*Task directions*:
With every picture left out, give the data below back exactly.

(Image-text web data)

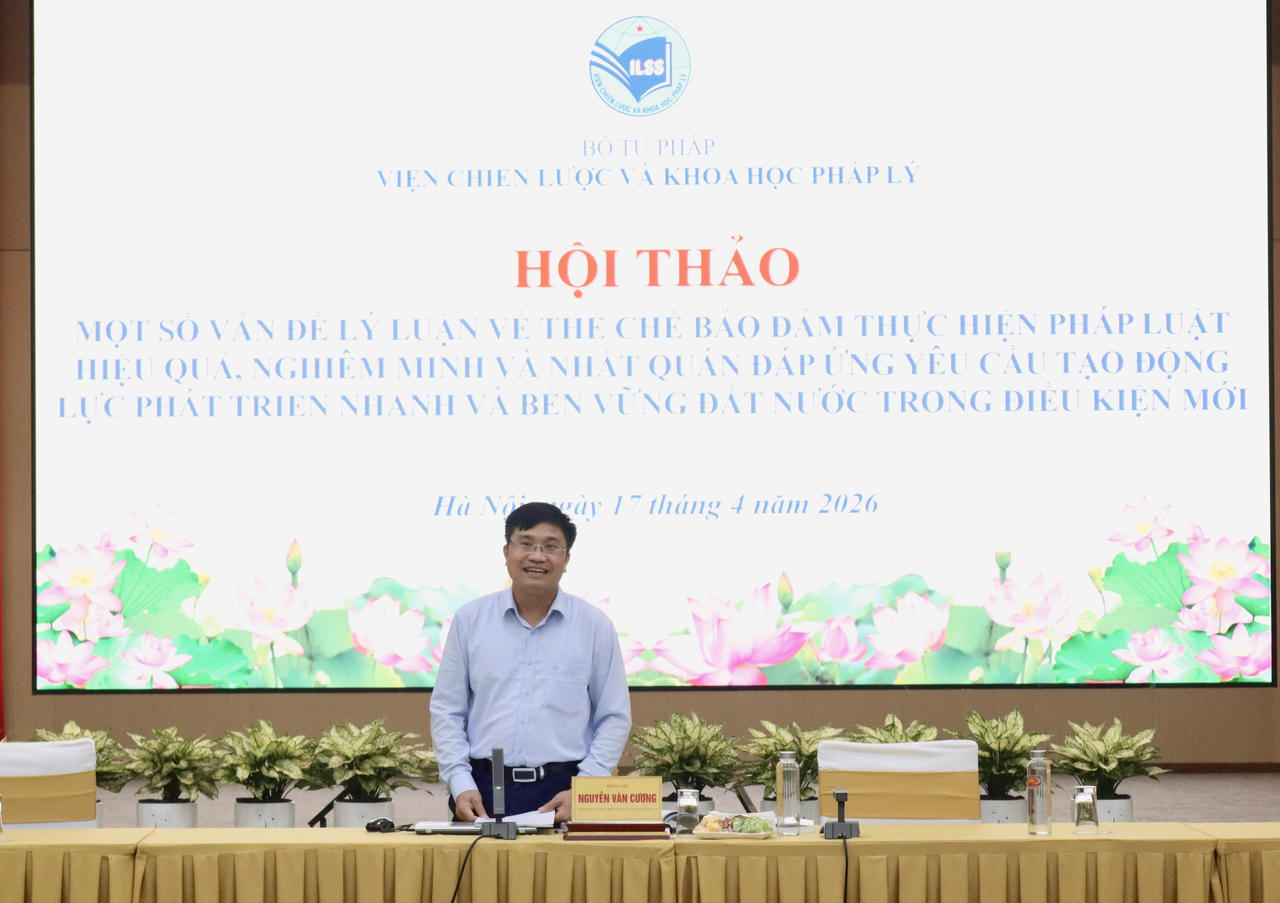 TS Nguyễn Văn Cương, Viện trưởng Viện Chiến lược và Khoa học pháp lý phát biểu khai mạc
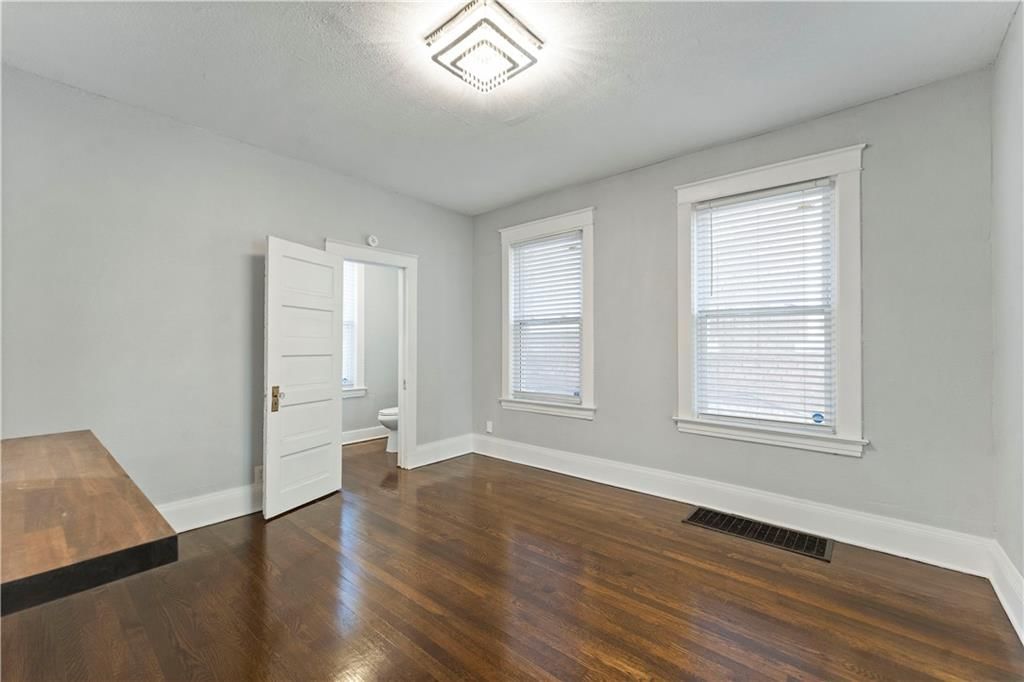 3224 E 11th Street — photo 11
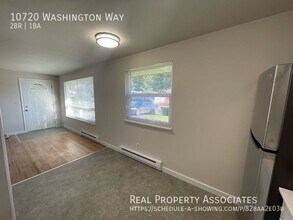 10720 Washington Way in Everett, WA - Building Photo - Building Photo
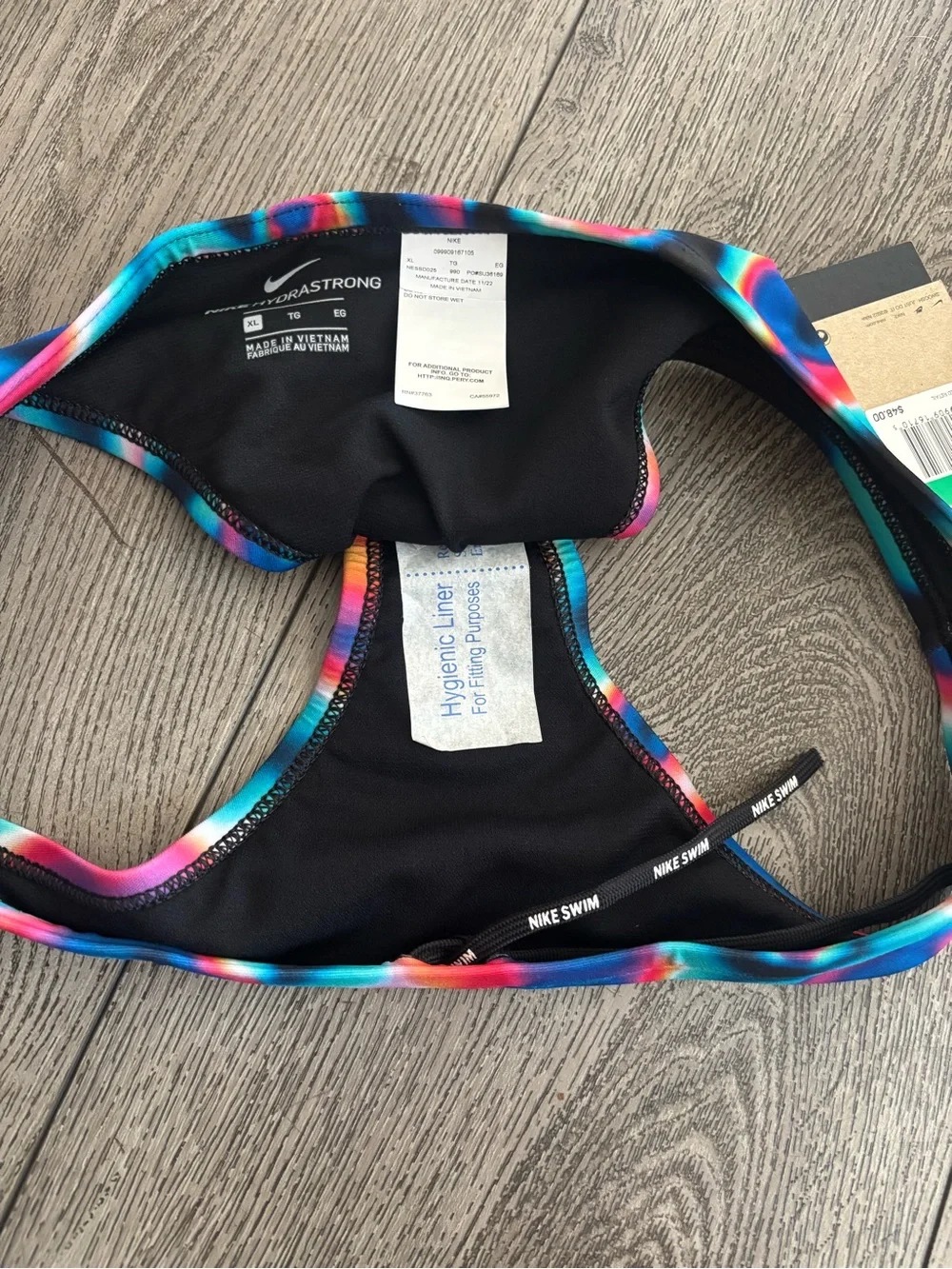 Nike vibrant tie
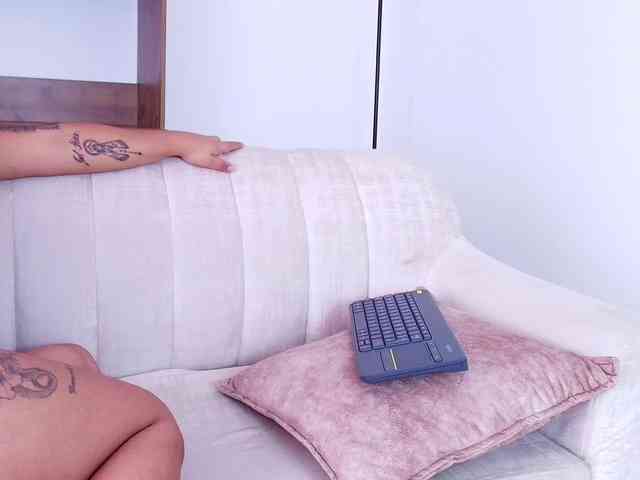 LiaMoon webcam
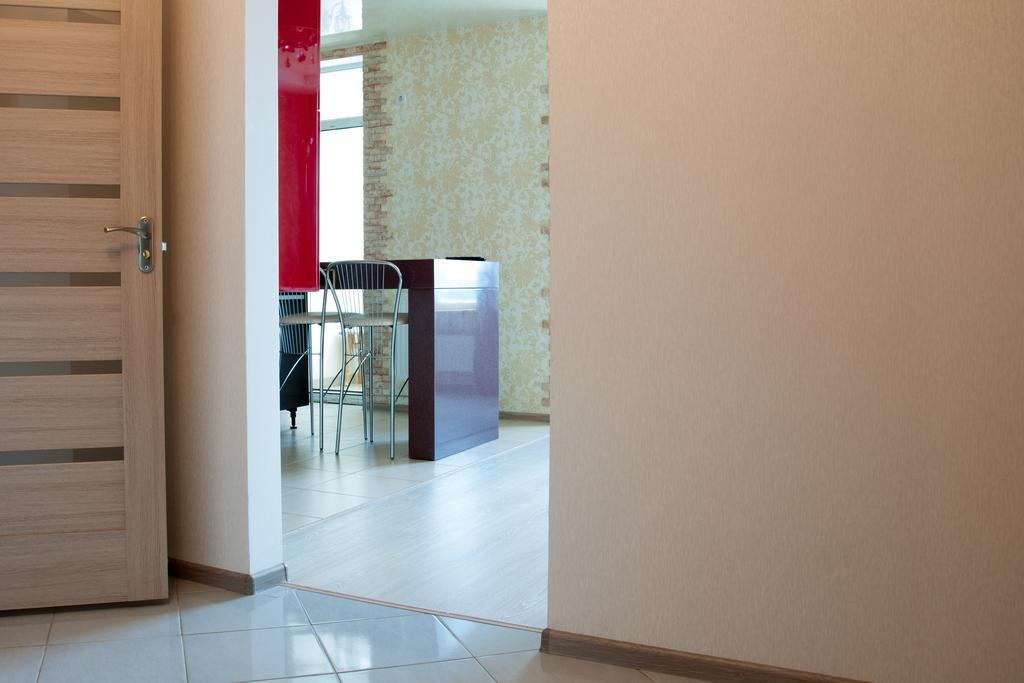 Apartment On Bogatyrskaya 6A Kyiv Exterior photo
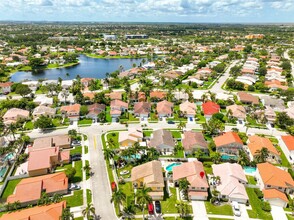 18910 NW 10th Terrace in Pembroke Pines, FL - Foto de edificio - Building Photo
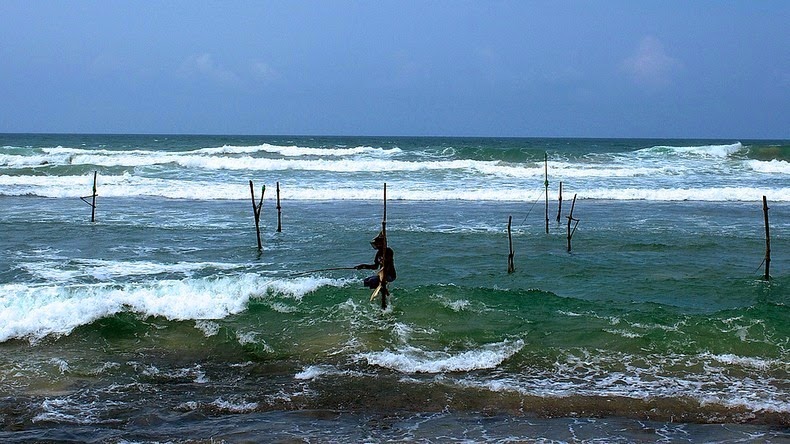 stilt-fishermen-sri-lanka-6%25255B2%25255D.jpg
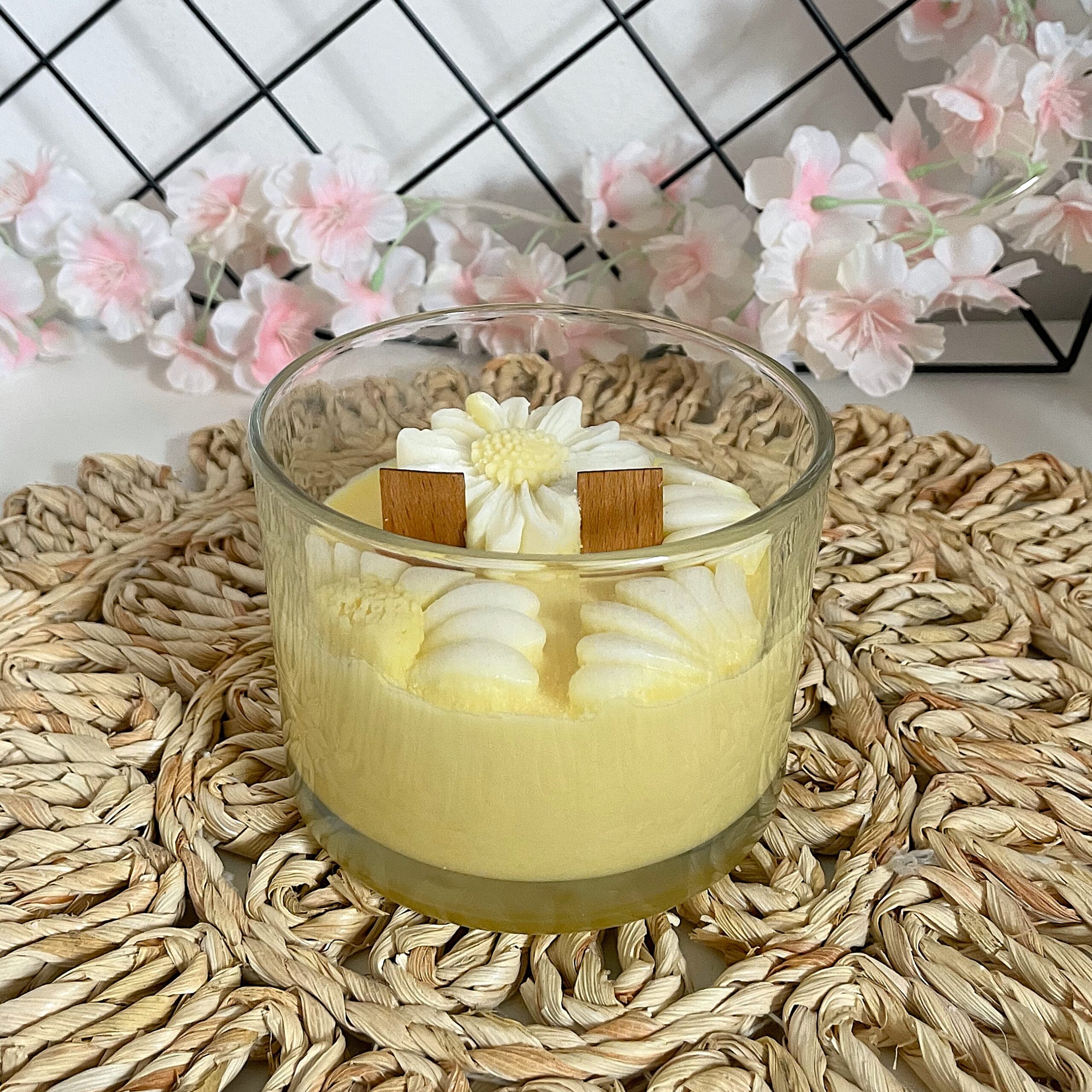 Świeca sojowa z motywem stokrotek - obrazek 4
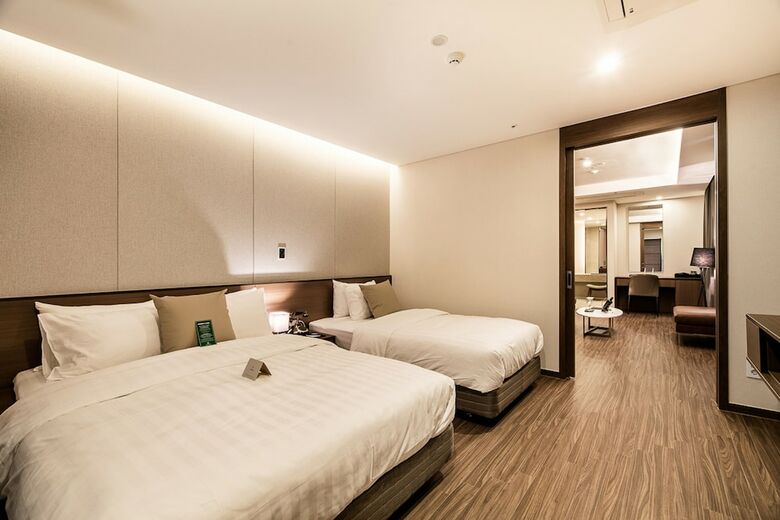 Wd Hotel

*Solution to the problem*:
 TS Nguyễn Văn Cương, Viện trưởng Viện Chiến lược và Khoa học pháp lý phát biểu khai mạc
 3224 E 11th Street — photo 11
 10720 Washington Way in Everett, WA - Building Photo - Building Photo
 Nike vibrant tie
 LiaMoon webcam
 Apartment On Bogatyrskaya 6A Kyiv Exterior photo
 18910 NW 10th Terrace in Pembroke Pines, FL - Foto de edificio - Building Photo
 stilt-fishermen-sri-lanka-6%25255B2%25255D.jpg
 Świeca sojowa z motywem stokrotek - obrazek 4
 Wd Hotel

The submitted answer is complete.